PROBLEM TO WORK ON: The required output holds only the lines from the one containing "Timeless Roman Metal" through the end of the material below, copied exactly, please, with no pictures.
+++
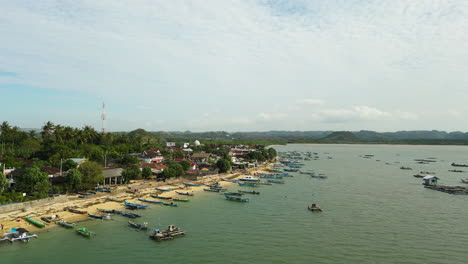Gerupuk-Stadtstrand-In-Lombok-Mit-Vielen-Traditionellen-Booten,-Die-Auf-Dem-Wasser-Schwimmen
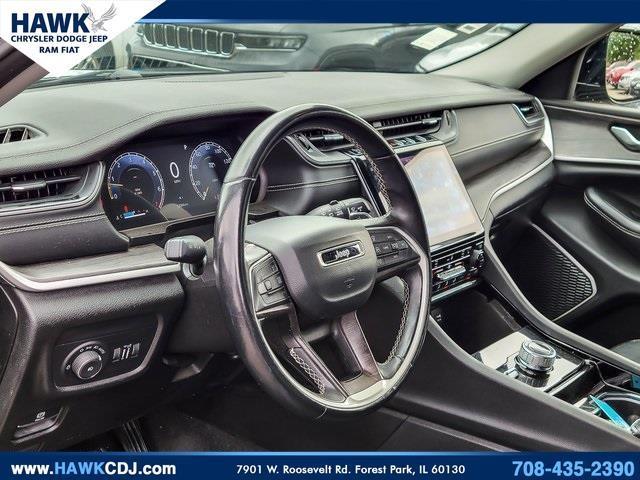Photo of 2021 Diamond Black Jeep Grand Cherokee L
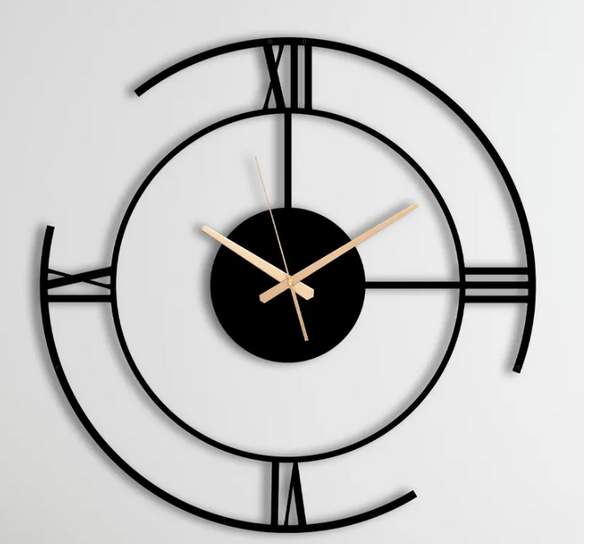 Timeless Roman Metal Wall Clock – Modern Circular Statement Decor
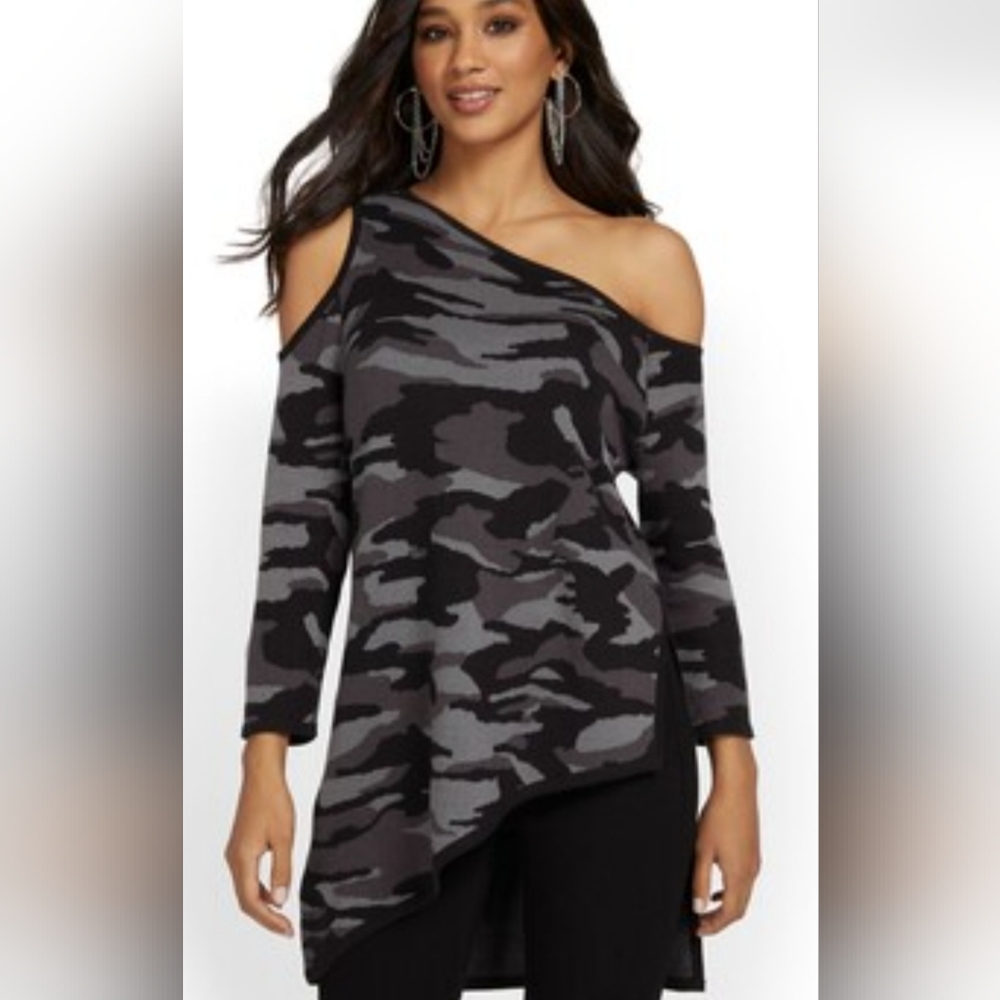 Cold shoulder asymmetrical tunic sweater NWOT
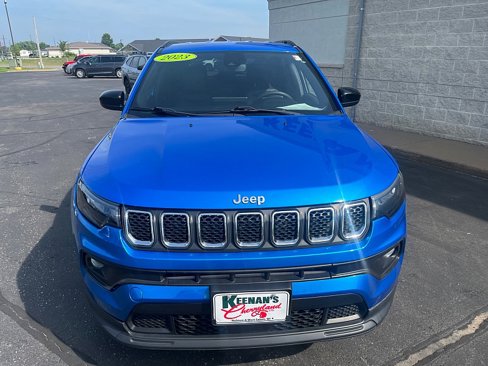 Used 2023 Jeep Compass Latitude image 3
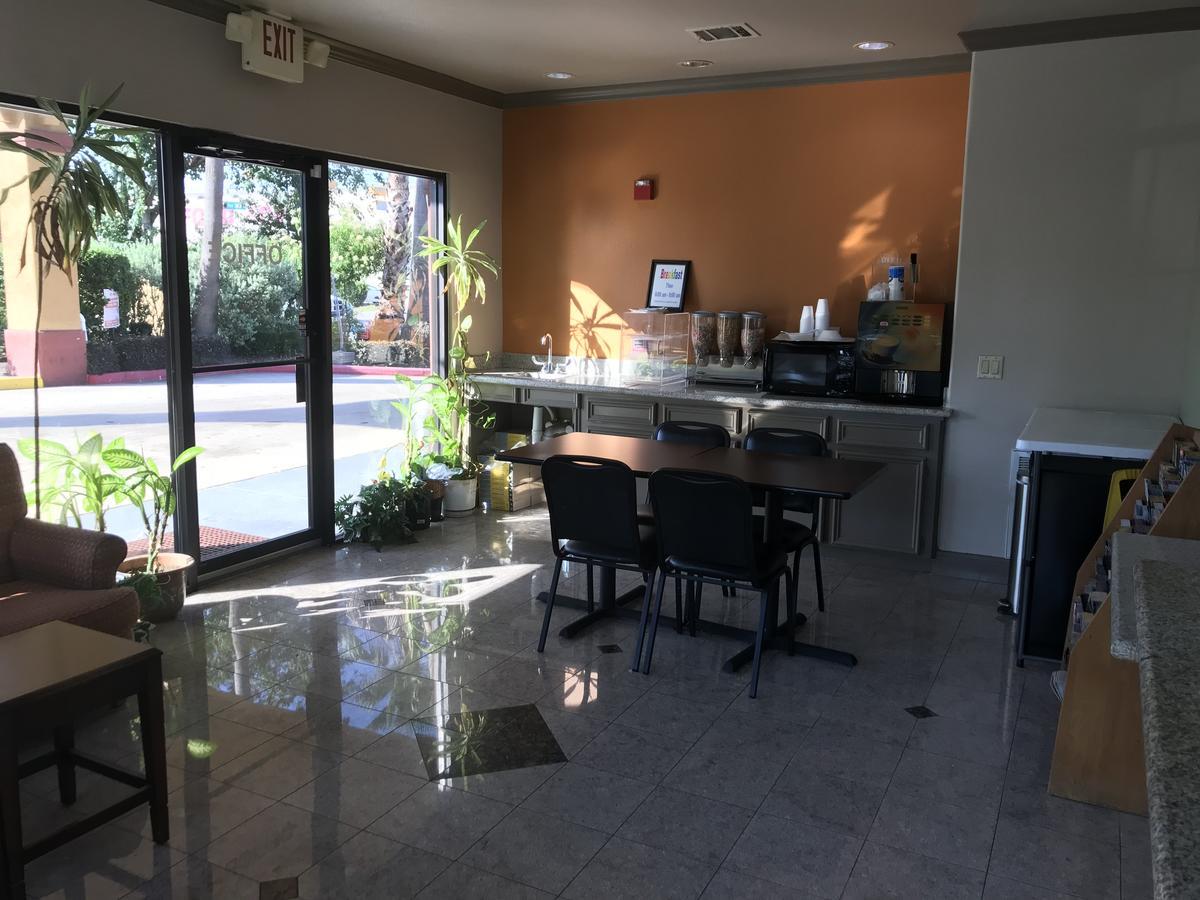 Camelot Inn And Suites Aldine Bagian luar foto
+++
RESPONSE TO THE EXERCISE:
 Timeless Roman Metal Wall Clock – Modern Circular Statement Decor
 Cold shoulder asymmetrical tunic sweater NWOT
 Used 2023 Jeep Compass Latitude image 3
 Camelot Inn And Suites Aldine Bagian luar foto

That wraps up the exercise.